イトウクラフト

TO KNOW FROM FIELD

FROM FIELD

FIELDISM
Published on 2010/04/16

早春の渓を歩く

2010年3月18日、岩手県
アングラー=大和 博

文=佐藤 英喜

 雪の斜面をくだり、薄い流れの続く川に降りると、大和博はぶるっと身震いをひとつした。


「今年の春は、ずいぶん冷え込む日が多いね。ちょっと異常だよ。そりゃあ30年前とかに比べたら、ずっと雪は少なくなったし、春先の気温も高くなったけどさ」


 今年は山の季節もだいぶ進行が遅れているらしい。


 さて今日のお目当ては、この川に暮らす居着きのイワナだ。まだ起きだしたばかりの魚が溜まっていそうな深みを選んで、さっそくミノーを投げ入れていく。なかなか反応はないが大和は気に掛ける素振りもなく先を急ぐ。その足取りからしてどうやら目指す場所があるようだ。

 一度岸に上がり、これといった懐のない区間をショートカットしてさらに進んでいくと、高さ1mほどの古い堰堤が現れた。堰堤下には、河川規模から見れば「大きな」プールがあった。

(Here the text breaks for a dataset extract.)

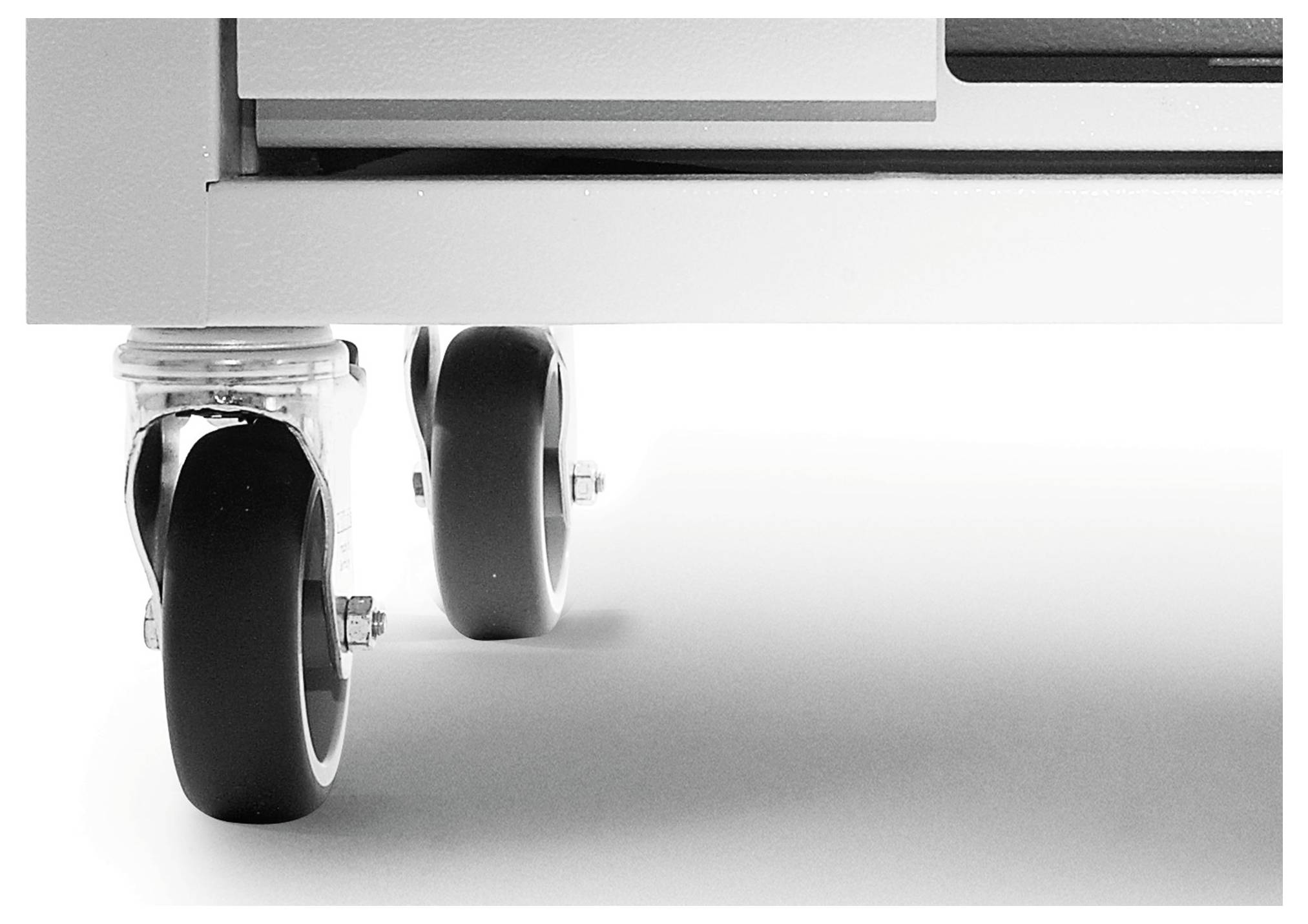 Két fekete görgő közelképe, amely egy bútor aljához van rögzítve fehér háttér előtt.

「この川のイワナは23cmとか、アベレージで言ったらそれくらいで、あんまり大きいのはいないよ。ただこのプールは、たまに尺上のいい魚が出るんだ。今年はどうかな…」


 季節が季節なので1本の川をとことん攻め切るのではなく、頭の地図に書き込まれている、淵やプールといった早春のポイントを点々と拾い釣っていく作戦で臨んでいた大和にとって、この川のメインディッシュが、この堰堤下のプールというわけだ。


 大和は釣りも魚も好きだが、何より、地元の川と、その周囲の自然が大好きなのだ。しかしヨソの街からやって来た者には驚異的に映る豊かな雫石の自然も、やはり少しずつ変化してきていると言う。


「釣り人目線で言えば、魚がまず減ったよね。サイズに関わらず川から抜かれてしまうことも影響してるし、淵が浅くなって魚の溜まる場所そのものも少なくなった」


 また河川環境の悪化によりネイティブに近い自然産卵の個体が減っていることで、魚の質が落ちてきているのも疑いようのない事実だし、美形と呼べる魚を維持していくには、何と言っても漁協の放流事業の質が大きな鍵を握っている。どのような魚をどんな方法で放流するのか、放流事業のあり方がこの先どんどん重要度を増していくことは言うまでもない。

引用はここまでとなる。